Cloud Reliability Expert
We're seeking an experienced Cloud Reliability Expert to lead the development of a cloud gaming service. The selected candidate will be responsible for ensuring the stability and scalability of our gaming platform.
In this role, you'll focus on influencing design and operational decisions, collaborating with cross-functional teams, and mentoring junior colleagues.

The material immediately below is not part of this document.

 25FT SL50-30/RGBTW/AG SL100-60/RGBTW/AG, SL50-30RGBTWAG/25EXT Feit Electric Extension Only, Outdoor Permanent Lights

We value self-directed individuals who can participate in decision-making at different levels. Our ideal candidate has a strong background in software development and Linux systems administration, with experience managing large-scale web services infrastructure.
Key Responsibilities:
* Lead technical discussions around reliability and scalability improvements
* Create High-Level Designs (HLDs) for new products and platforms
* Mentor junior colleagues
* Lead incident response and post-mortem activities
* Collaborate with engineers to prioritize reliability improvements
Requirements:
* 5+ years of experience in software development and/or Linux systems administration
* Strong interpersonal, written, and verbal communication skills
* Able to work in an on-call rotation
Skills & Knowledge:
* Proficient as a Linux Production Systems Engineer
* Development experience in Python, Bash, Go, Java, C++, or Rust
* Experience with distributed data storage, NoSQL, data aggregation technologies, monitoring and alerting, incident management, Kubernetes, AWS, software distribution, configuration management, and software performance analysis
We strive to create an inclusive environment that empowers employees and embraces diversity. We welcome applicants from all backgrounds and encourage everyone to apply.